Maximus Peto’s Commentary
This group reports that T cells in mild Parkinson’s disease patients have “strikingly reduced markers of replicative senescence in the CD8+ population…whilst expression of activation markers (CD28) was increased”. I wonder what this might suggest about the ultimate cause of Parkinson’s.
Abnormalities of age-related T cell senescence in Parkinson’s disease.
J Neuroinflammation. 2018 May 28;15(1):166.
Williams-Gray CH, Wijeyekoon RS, Scott KM, Hayat S, Barker RA, Jones JL
PubMed publication date (edat): 5/29/2018
A wealth of evidence implicates both central and peripheral immune changes as contributing to the pathogenesis of Parkinson’s disease (PD). It is critical to better understand this aspect of PD given that it is a tractable target for disease-modifying therapy. Age-related changes are known to occur in the immune system (immunosenescence) and might be of particular relevance in PD given that its prevalence rises with increasing age.
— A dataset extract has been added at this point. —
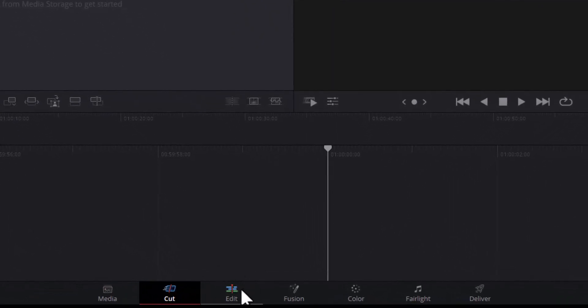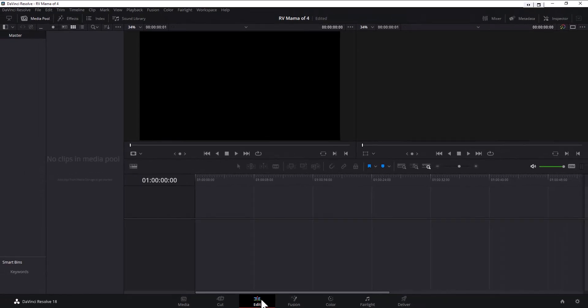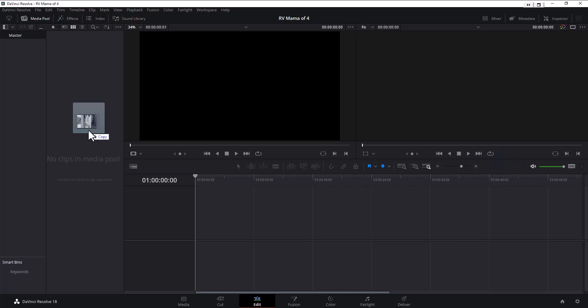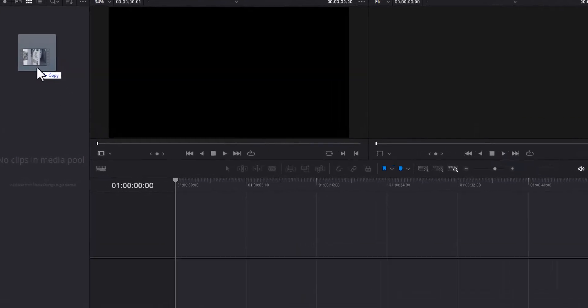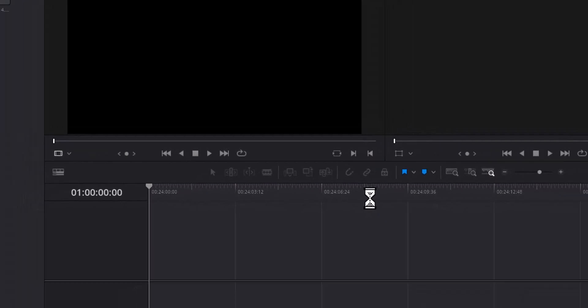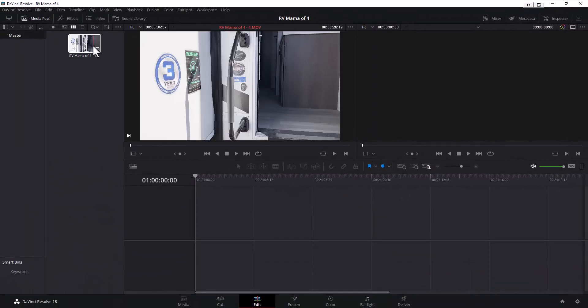It's going to open up DaVinci Resolve. Now I'm going to open up the edit feature right here. We're going to click on edit at the very bottom. Now right in here where it says no clips in media pool, I'm going to drag over the MOV file. This is the MOV file right here. Change project frame rate, that's fine. It'll do it automatically for me.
We therefore sought to investigate this with respect to T cell replicative senescence, a key immune component of human ageing.
Peripheral blood mononuclear cells were extracted from blood samples from 41 patients with mild PD (Hoehn and Yahr stages 1-2, mean (SD) disease duration 4.3 (1.2) years) and 41 age- and gender-matched controls. Immunophenotyping was performed with flow cytometry using markers of T lymphocyte activation and senescence (CD3, CD4, CD8, HLA-DR, CD38, CD28, CCR7, CD45RA, CD57, CD31). Cytomegalovirus (CMV) serology was measured given its proposed relevance in driving T cell senescence.
Markers of replicative senescence in the CD8+ population were strikingly reduced in PD cases versus controls (reduced CD57 expression (p = 0.005), reduced percentage of ‘late differentiated’ CD57loCD28hi cells (p = 0.007) and ‘TEMRA’ cells (p = 0.042)), whilst expression of activation markers (CD28) was increased (p = 0.005). This was not driven by differences in CMV seropositivity. No significant changes were observed in the CD4 population.
This study demonstrates for the first time that the peripheral immune profile in PD is distinctly atypical for an older population, with a lack of the CD8+ T cell replicative senescence which characterises normal ageing. This suggests that ‘abnormal’ immune ageing may contribute to the development of PD, and markers of T cell senescence warrant further investigation as potential biomarkers in this condition.